Data to examine Block Start
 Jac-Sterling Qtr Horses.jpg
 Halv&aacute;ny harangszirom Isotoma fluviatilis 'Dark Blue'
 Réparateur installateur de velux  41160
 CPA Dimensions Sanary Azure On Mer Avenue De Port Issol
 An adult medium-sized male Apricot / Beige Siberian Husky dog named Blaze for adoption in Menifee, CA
Data to examine Block End
:: Task goal ::
Your answer should consist only of the lines from the one with "Halv&aacute;ny harangszirom Isotoma" through the end of the data above, reproduced exactly.

:: Solved exercise ::
 Halv&aacute;ny harangszirom Isotoma fluviatilis 'Dark Blue'
 Réparateur installateur de velux  41160
 CPA Dimensions Sanary Azure On Mer Avenue De Port Issol
 An adult medium-sized male Apricot / Beige Siberian Husky dog named Blaze for adoption in Menifee, CA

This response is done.